Hamlet, Act 5, Scene 1

Sweets to the sweet, Farewell.

Gertrude at Ophelia's grave.

Thursday, June 11, 2009

Hamlet, Act 5, Scene 1

Alas, Poor Yorick.

You will need to click to enlarge to get a good look at the sexton in the background.

Monday, June 8, 2009

Hamlet, Act 4, Scene 7

One woe doth tread upon another's heel.
So fast they follow: your sister's drowned,
Laertes.

    - Gertrude

Wednesday, June 3, 2009

Hamlet, Act 4, Scene 5

How now, Ophelia?
   - Gertrude

Monday, June 1, 2009

Hamlet, Act 3, Scene 4

Look here upon this picture, and on this,
The counterfeit presentment of two brothers.
See what a grace was seated on this brow,
Hyperion's curls, the front of Jove himself,
An eye like Mars, to threaten and command...
Here is your husband like a mildewed ear...

Claudius was one fugly dude.

Wednesday, May 27, 2009

Hamlet, Act 3, Scene 4

O what a rash and bloody deed is this!

Monday, May 25, 2009

Hamlet, Act 3, Scene 2

Give me some light - away!
                       Claudius to servants

The third season of the current Doctor Who has a very nice episode concerning a race of witches using a Shakespeare play as an incantation to revive their lost race, based on the power of Shakespeare's language. It was partly shot in the reconstructed Globe Theatre in London.

Friday, May 22, 2009

Hamlet , Act 3, Scene 1

Get the to a nunnery, why wouldst thou be a breeder of sinners?

Wednesday, May 20, 2009

Hamlet, Act 3, Scene 1

Who would fardels bear,
To grunt and sweat under a weary life...

Monday, May 18, 2009

Hamlet, Act 3, Scene 1

To be, or not to be, that is the question--
Whether 'tis nobler in the mind to suffer
The slings and arrows of outrageous fortune,
Or to take arms against a sea of troubles,
And by opposing end them...

Friday, May 15, 2009

Hamlet, Act 3, Scene1

Enter Hamlet

[Ophelia is about to witness the famous monologue, which will commence on Monday, before she approaches Hamlet and he acts all squirelly with her]

Wednesday, May 13, 2009

Hamlet, Act 2, Scene 2

You are welcome masters, welcome all, I am glad to see thee well. 
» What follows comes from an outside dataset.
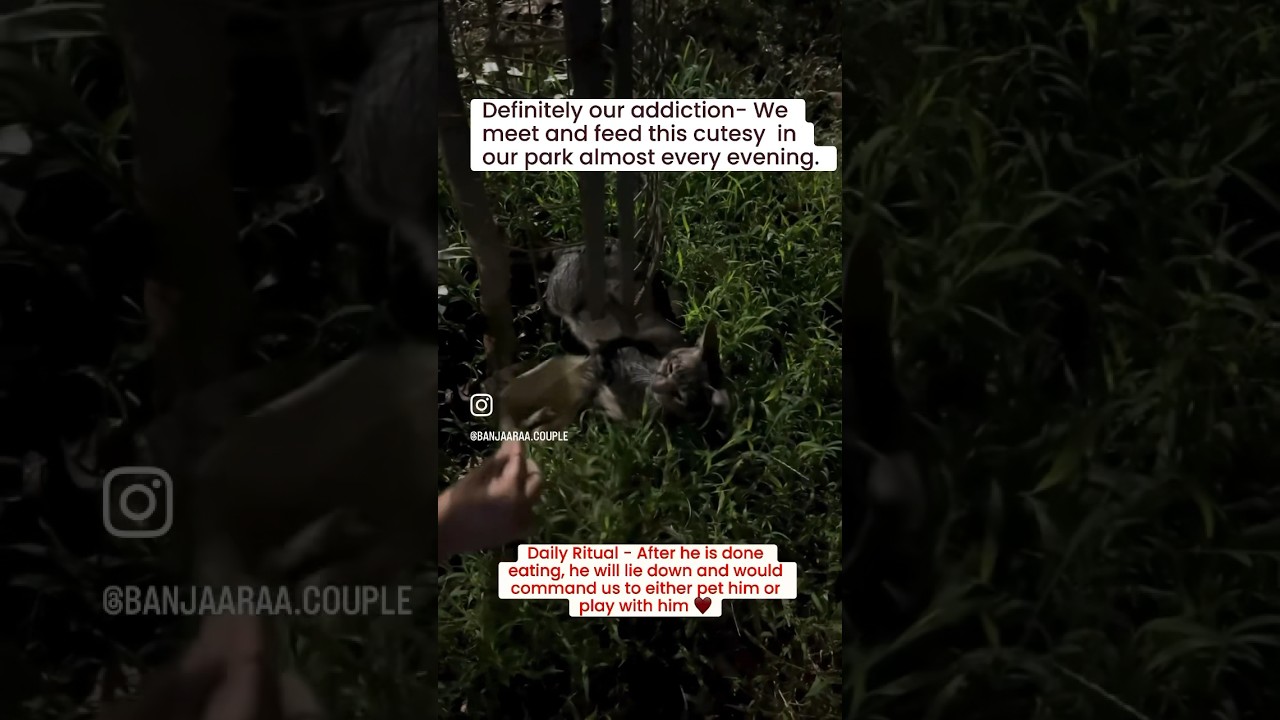 Video thumbnail: #catlovers #animallover #innocence #purelove #furbaby #cutesy #feedingstraycats #feedthehunger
Hamlet to the players, the only characters he seems to have a cheerful word for, and we know why.

Monday, May 11, 2009

Hamlet, Act 2, Scene 2

I am but mad north-north-west*; when the wind** is southerly, I know a hawk from a handsaw.

* This is where the film got its title, as I noted here
* The foehn wind is thought to increase incidents of migraine and psychosis in the alpine European countries, and is taken into account as a mitigating circumstance in criminal trials in Switzerland - possibly in Germany (Eva?) also.

Friday, May 8, 2009

Hamlet, Act 2, Scene 2

O God, I could be bounded in a nutshell,
and count myself a king of inifinite space,
were it not that I have bad dreams

Wednesday, May 6, 2009

Hamlet, Act 2, Scene 2

Thanks Guildenstern, and gentle Rosencrantz
And I beseech you instantly to visit
My too much changed son.

Gertrude to Rosencrantz and Guildenstern. 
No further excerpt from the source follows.